Cumhurbaşkanlığı’nın 2026 yılı programında yer alan ifadeler, emeklilik sisteminde büyük bir dönüşümün habercisi oldu. Programda, çalışanların daha uzun süre istihdamda kalmasını teşvik edecek ve mali yük oluşturmadan uygulanacak yeni bir aylık bağlama sistemi (ABO) üzerinde çalışıldığı belirtildi.
Emekli maaşının belirlenmesinde en kritik faktörlerden biri olan Aylık Bağlama Oranı (ABO), çalışanların prim gün sayısına ve çalıştıkları döneme göre maaş miktarını belirliyor.
Sosyal Güvenlik Uzmanı Emin Yılmaz, sistemin yıllar içinde çalışan aleyhine değiştiğini belirterek, “2000 öncesi dönemde ABO oranı en az yüzde 60’tı ve her 240 gün için yüzde 1 artış eklenebiliyordu. 2008 sonrası dönemde ise oran yüzde 2’ye sabitlendi” dedi.
Uzmanlara göre emekli maaşındaki düşüşün nedeni sadece ABO oranları değil. Primlerin yatırıldığı tutar da maaşı doğrudan etkiliyor.
Yılmaz, “Vasıfsız işe başlayan biri maaşını artırsa bile primleri hep asgari ücret üzerinden yatırılırsa, düşük ABO nedeniyle emekli maaşı da düşük olur” ifadelerini kullandı.
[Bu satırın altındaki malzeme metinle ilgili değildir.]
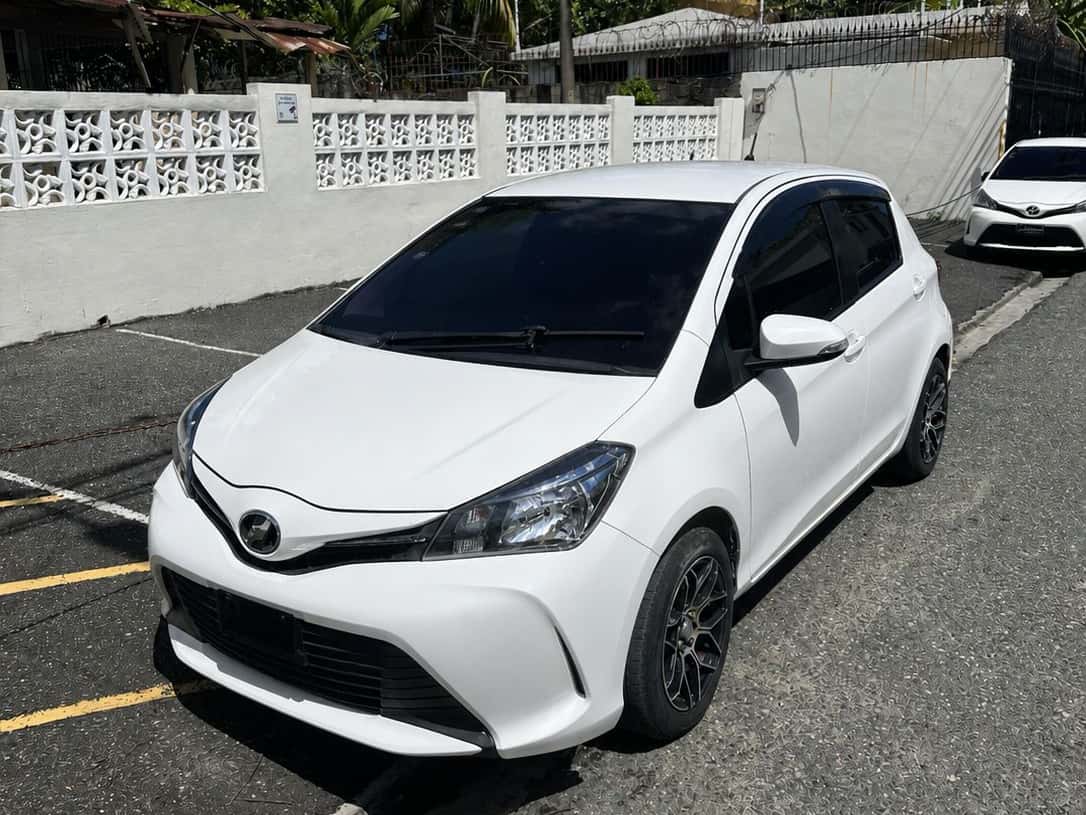 2016 Toyota VITZ usado en venta por Afimosa Motors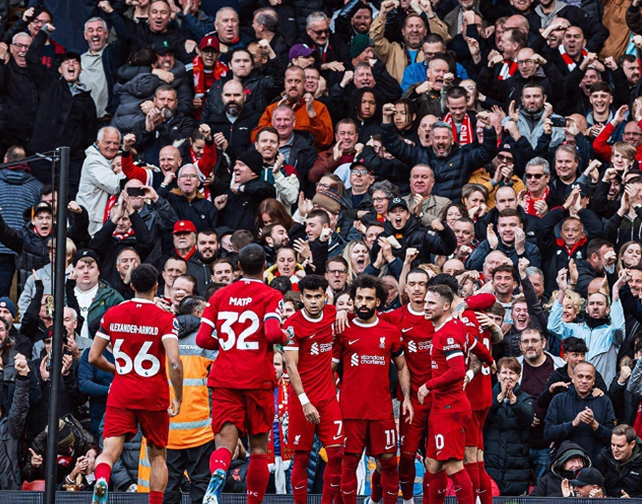 安东尼绝了！反击挑射破门+4天造4球，率队2-0进欧联前8争冠大热（安东尼状态爆棚！反击挑射破门，4天造4球，带队2-0晋级欧联八强成夺冠热门）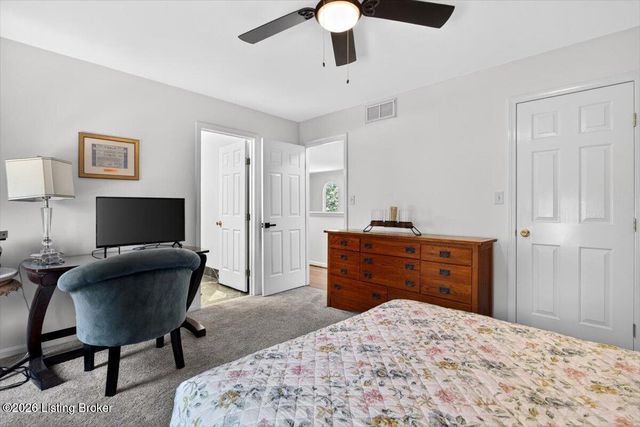 401 Old Stone Dr, Simpsonville, KY 40067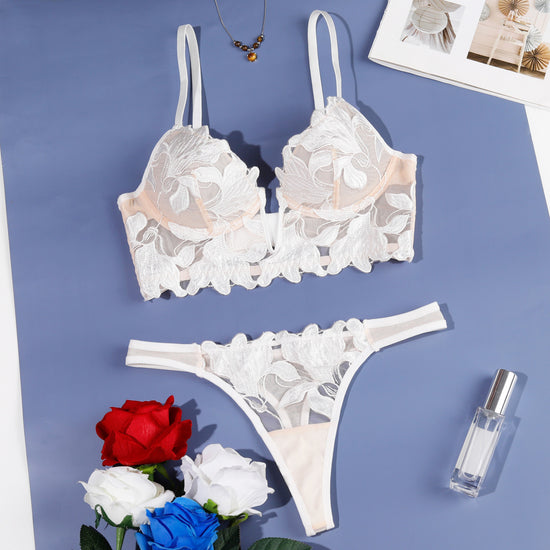 Pure Romance » Lingerie Set – Ivory Floral Elegance & Sculpting Fit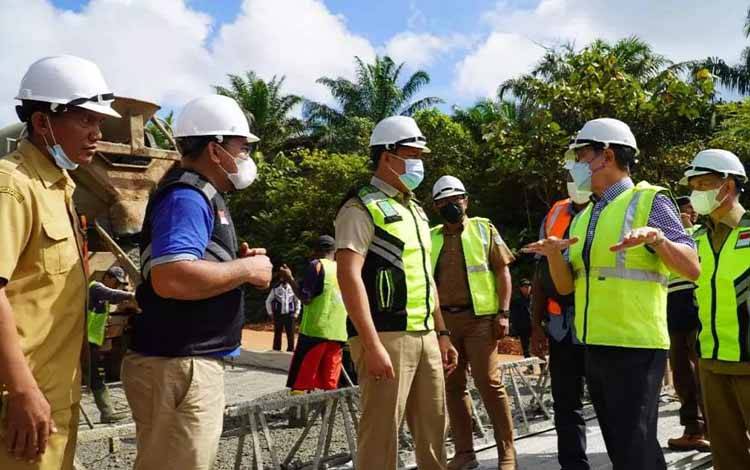 Bupati Tinjau Proyek Jalan Pastikan Sesuai Perencanaan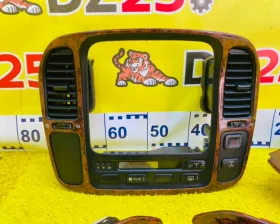 Консоль магнитофона TOYOTA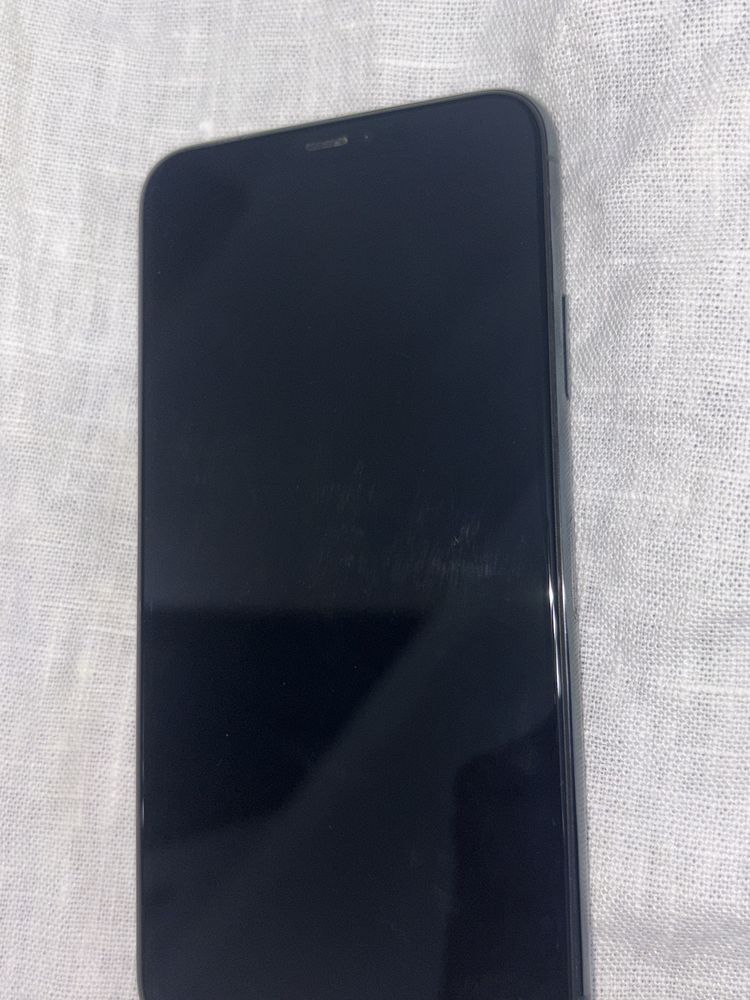 iPhone 11 Pro Max 64ГБ - в хорошем состоянии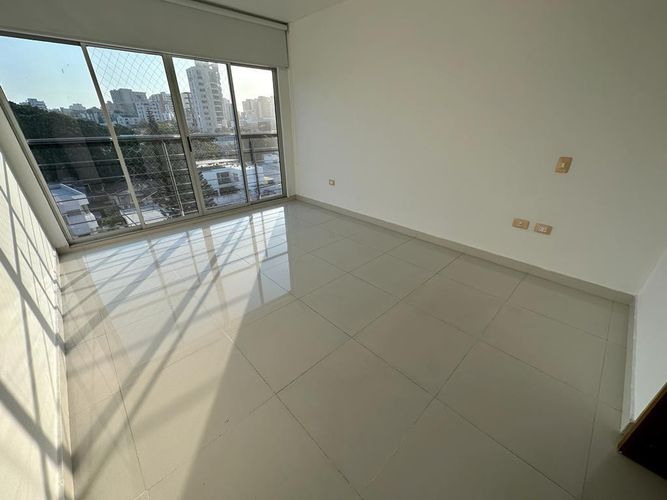 Apartamento de 3 alcobas en venta en Altos De Riomar, Barranquilla, 126 m² · foto 7 de 18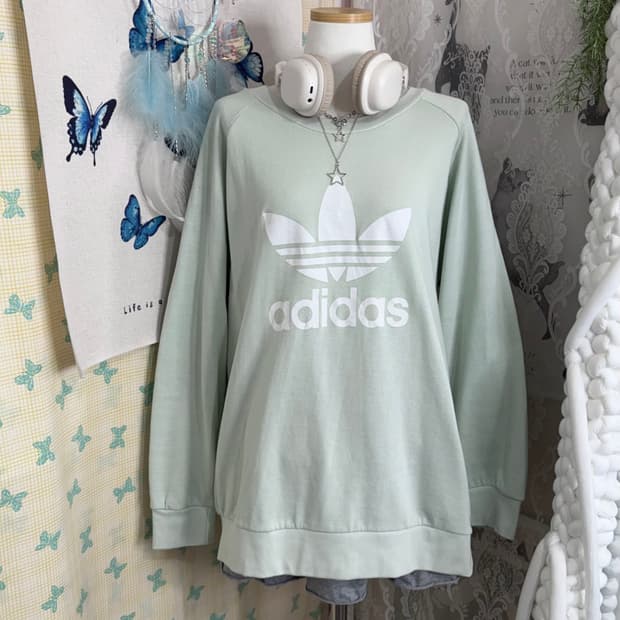 아디다스 민트 파이어버드 오버핏 맨투맨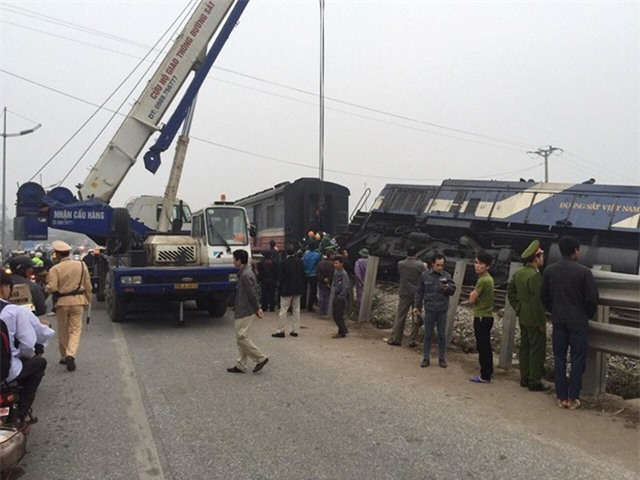 Tông xe tải, đầu tàu hỏa lật khỏi đường ray
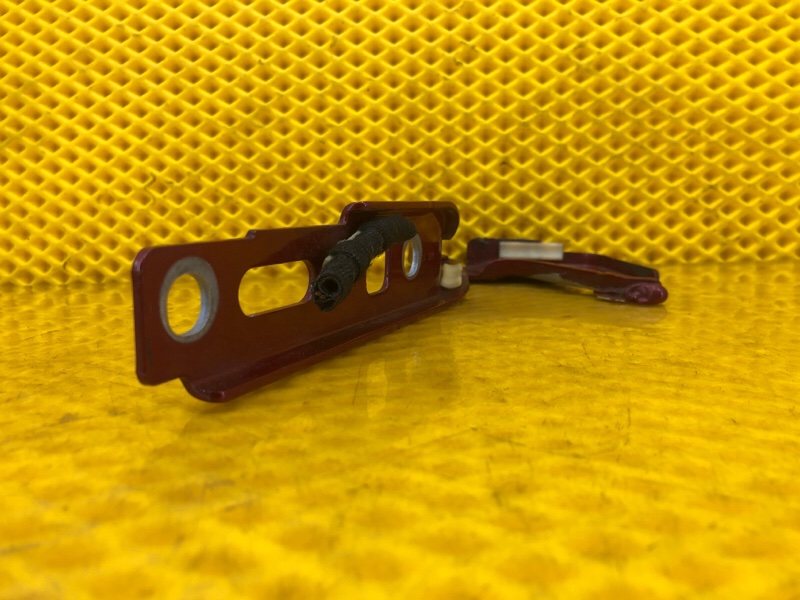 Петля капота правая Audi Q7 2014 4L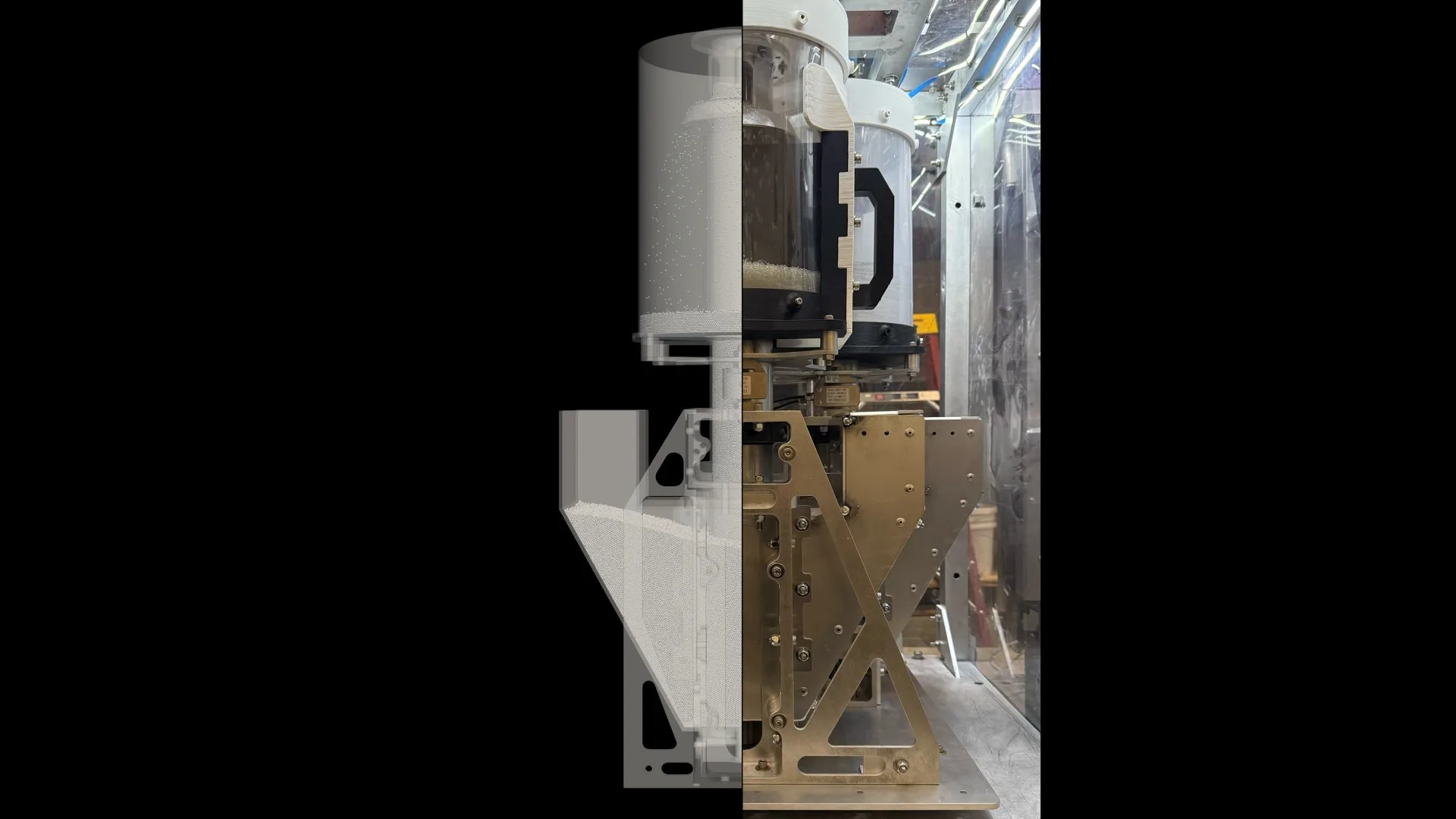 Split view: DEM regolith simulation alongside the real Rego-LIFT testbench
Yeni düzenleme ile uzun süre çalışanların daha yüksek maaş alması hedefleniyor. Cumhurbaşkanlığı programında yer alan çalışmada, emeklilik sisteminin sürdürülebilirliğini güçlendirmek ve çalışma barışını korumak amaçlanıyor.
Yılmaz, mevcut sistemde 3.600 gün prim ödeyenle 9.000 gün prim ödeyen arasındaki maaş farkının sınırlı olduğuna dikkat çekerek, “Reformla bu farkın adil hale getirilmesi bekleniyor” değerlendirmesinde bulundu.
Öte yandan Meclis’te görüşülen torba yasa kapsamında, uzun vadeli sigorta kollarında işveren payının 1 puan artırılması ve asgari ücretin 7,5 katı olan prim kesintisi üst sınırının 9 kata çıkarılması planlanıyor.
Yeni sistemle birlikte emeklilik hesaplamalarında prim gün sayısı ve kazanç oranına dayalı daha adil ve sürdürülebilir bir modelin hayata geçirilmesi hedefleniyor.